◆ Prompt ◆
Reproduce the section of the listing that begins at the line containing "2025 RAM 2500 Tradesman Crew Cab 4x4 6'4' Box" and finishes at the line containing "May busca concesión". Include both end lines and nothing beyond them.

———

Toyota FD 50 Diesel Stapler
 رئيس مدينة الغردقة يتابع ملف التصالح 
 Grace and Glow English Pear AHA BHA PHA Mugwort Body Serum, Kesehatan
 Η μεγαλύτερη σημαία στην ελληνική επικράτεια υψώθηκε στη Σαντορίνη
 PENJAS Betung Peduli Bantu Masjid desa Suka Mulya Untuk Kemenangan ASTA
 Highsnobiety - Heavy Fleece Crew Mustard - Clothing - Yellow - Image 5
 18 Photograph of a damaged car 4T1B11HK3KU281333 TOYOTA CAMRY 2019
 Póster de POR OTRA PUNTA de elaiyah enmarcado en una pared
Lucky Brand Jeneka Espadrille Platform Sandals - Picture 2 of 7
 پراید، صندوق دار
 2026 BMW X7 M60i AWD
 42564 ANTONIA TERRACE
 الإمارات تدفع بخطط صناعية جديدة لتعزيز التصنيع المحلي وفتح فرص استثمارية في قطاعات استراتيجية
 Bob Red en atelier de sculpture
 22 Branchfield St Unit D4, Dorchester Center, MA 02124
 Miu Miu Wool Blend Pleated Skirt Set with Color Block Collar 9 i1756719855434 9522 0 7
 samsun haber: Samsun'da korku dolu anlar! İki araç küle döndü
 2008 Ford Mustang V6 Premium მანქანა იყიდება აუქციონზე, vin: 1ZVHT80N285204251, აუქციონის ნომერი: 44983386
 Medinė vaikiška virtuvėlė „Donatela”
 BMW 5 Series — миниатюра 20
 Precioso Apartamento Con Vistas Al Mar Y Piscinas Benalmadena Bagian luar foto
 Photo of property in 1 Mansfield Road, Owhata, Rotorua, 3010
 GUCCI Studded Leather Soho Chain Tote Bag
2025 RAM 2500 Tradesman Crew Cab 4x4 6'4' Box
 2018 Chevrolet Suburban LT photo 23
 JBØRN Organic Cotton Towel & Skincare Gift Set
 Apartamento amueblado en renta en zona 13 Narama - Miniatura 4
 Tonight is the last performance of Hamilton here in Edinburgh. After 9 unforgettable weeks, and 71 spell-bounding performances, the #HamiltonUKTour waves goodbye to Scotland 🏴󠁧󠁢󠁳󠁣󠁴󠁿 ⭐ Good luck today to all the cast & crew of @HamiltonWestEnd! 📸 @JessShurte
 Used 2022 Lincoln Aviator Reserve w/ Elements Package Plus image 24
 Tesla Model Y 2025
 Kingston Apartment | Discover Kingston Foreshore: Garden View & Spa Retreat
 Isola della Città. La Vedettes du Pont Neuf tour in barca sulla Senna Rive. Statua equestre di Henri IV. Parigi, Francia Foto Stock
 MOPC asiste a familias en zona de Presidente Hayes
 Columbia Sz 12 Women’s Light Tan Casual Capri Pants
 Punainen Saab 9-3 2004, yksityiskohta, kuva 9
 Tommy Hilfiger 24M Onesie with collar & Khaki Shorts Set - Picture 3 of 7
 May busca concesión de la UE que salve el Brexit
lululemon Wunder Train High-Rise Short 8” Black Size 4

———

◆ Solved problem ◆
2025 RAM 2500 Tradesman Crew Cab 4x4 6'4' Box
 2018 Chevrolet Suburban LT photo 23
 JBØRN Organic Cotton Towel & Skincare Gift Set
 Apartamento amueblado en renta en zona 13 Narama - Miniatura 4
 Tonight is the last performance of Hamilton here in Edinburgh. After 9 unforgettable weeks, and 71 spell-bounding performances, the #HamiltonUKTour waves goodbye to Scotland 🏴󠁧󠁢󠁳󠁣󠁴󠁿 ⭐ Good luck today to all the cast & crew of @HamiltonWestEnd! 📸 @JessShurte
 Used 2022 Lincoln Aviator Reserve w/ Elements Package Plus image 24
 Tesla Model Y 2025
 Kingston Apartment | Discover Kingston Foreshore: Garden View & Spa Retreat
 Isola della Città. La Vedettes du Pont Neuf tour in barca sulla Senna Rive. Statua equestre di Henri IV. Parigi, Francia Foto Stock
 MOPC asiste a familias en zona de Presidente Hayes
 Columbia Sz 12 Women’s Light Tan Casual Capri Pants
 Punainen Saab 9-3 2004, yksityiskohta, kuva 9
 Tommy Hilfiger 24M Onesie with collar & Khaki Shorts Set - Picture 3 of 7
 May busca concesión de la UE que salve el Brexit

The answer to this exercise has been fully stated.